5. Логика укоренения
Драматическое противостояние двух полюсов: коммунизма и фашизма – в конечном счете способствовало оживлению тех структурных факторов, которые еще раньше предопределили укоренение дихотомии правые/левые в самом сердце французской политической жизни. Поэтому в течение бурного десятилетия, предшествовавшего Второй мировой войне, эта дихотомия не претерпела радикальной трансформации. Условия изменились радикально; и тем не менее в эпоху масс и тоталитарных страстей мы по-прежнему обнаруживаем ту же диалектику единства и разделения, центра и крайностей, которая двигала узкой парламентской политикой эпохи Реставрации. Масштаб, содержание, цели в 1935 году уже не те, что в 1815‑м, однако противоборствующие стороны занимают аналогичные позиции, и это сочетание изменений содержания и устойчивости структуры не отменяет оппозицию правых и левых, но, напротив, способствует ее укоренению, поскольку наиболее емко ее выражает.

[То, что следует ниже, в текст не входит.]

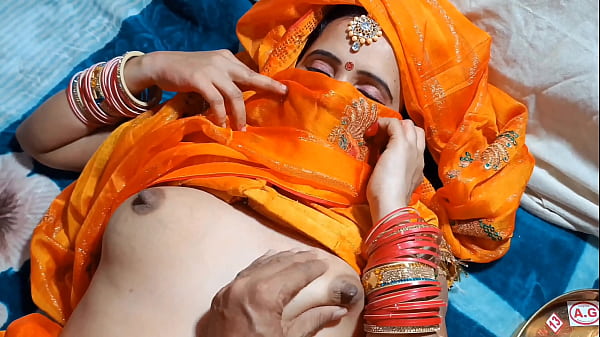 Malam Pertama Pengantin India Yang Menggairahkan Di Perayaan Karwa Chauth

Все дело в комбинации резкой поляризации общественного мнения с политической игрой, включающей больше двух участников. Если бы партий существовало только две, не было бы никакой необходимости накладывать на исконные естественные названия некие другие определения идентичности. Достаточно было бы причислять себя к «республиканцам» или «демократам», как в Соединенных Штатах. Правых и левых не бывает там, где нет третьего участника – центра. Но существование этого центра означает, что каждая из партий, располагающихся по краям, сама находится во власти противоборствующих тенденций, вследствие чего правые делятся по крайней мере надвое: на правых-правых и крайне правых; аналогичная ситуация и у левых. Вдобавок притягательная сила полюсов делит пополам и центр; отсюда возникновение правого центра и левого центра. Раскол умов, ставящий под сомнение способность каждого из лагерей оставаться у власти, в практической политике сглаживается трехпартийностью, повторяющейся и внутри каждой партии: это позволяет нам понять, почему именно правое и левое были приняты в качестве основополагающих опознавательных знаков. Это приятие – следствие того, что биполярность во Франции невозможна; вместо того чтобы уменьшить число партий, она постоянно его увеличивает. Так вот, после большевистской революции и прихода к власти Муссолини и Гитлера историческая ситуация с особой отчетливостью актуализирует эту изначальную логику. Она, впрочем, никогда и не исчезала: смесь конфликтности и дробления – постоянная черта французской политической жизни, особенность ее собственного стиля. Просто-напросто под влиянием радикализации всех партий в ХX веке она становится заметна и очевидна, как никогда.